* WHAT THE TASK REQUIRES
Nothing but the lines from the one with "1N4BL4BW4LC275095 2020 NISSAN ALTIMA" through the end of the material should be retyped, word for word and without pictures.

* GIVEN DATA

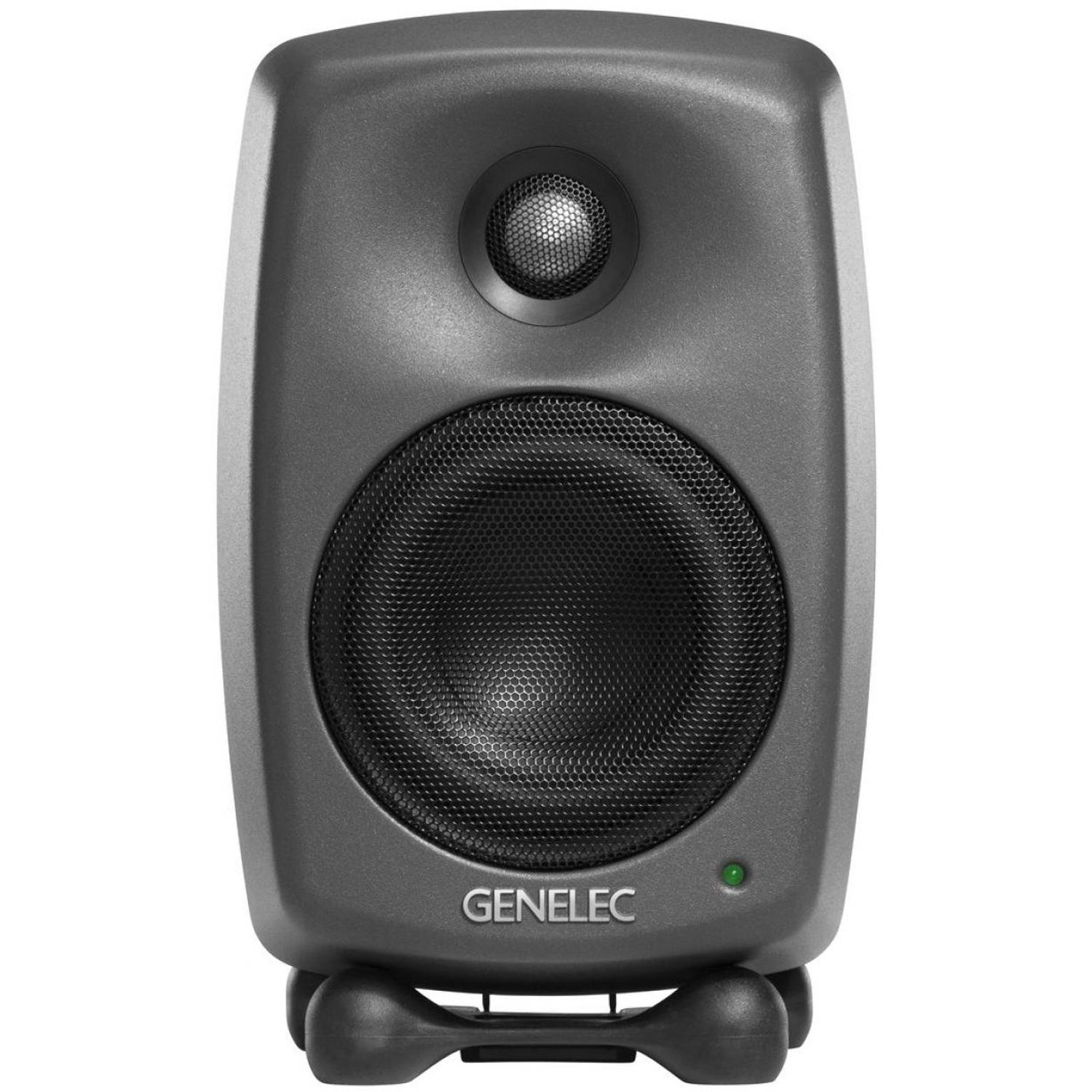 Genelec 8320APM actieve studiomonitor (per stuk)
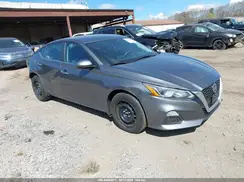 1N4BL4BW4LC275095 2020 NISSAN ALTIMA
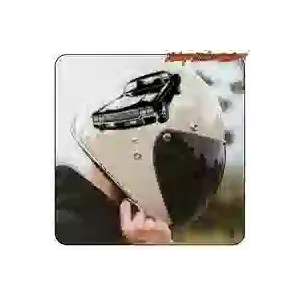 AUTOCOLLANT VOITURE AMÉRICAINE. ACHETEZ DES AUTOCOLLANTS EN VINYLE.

* SOLUTION FOR THIS PROBLEM
 1N4BL4BW4LC275095 2020 NISSAN ALTIMA
 AUTOCOLLANT VOITURE AMÉRICAINE. ACHETEZ DES AUTOCOLLANTS EN VINYLE.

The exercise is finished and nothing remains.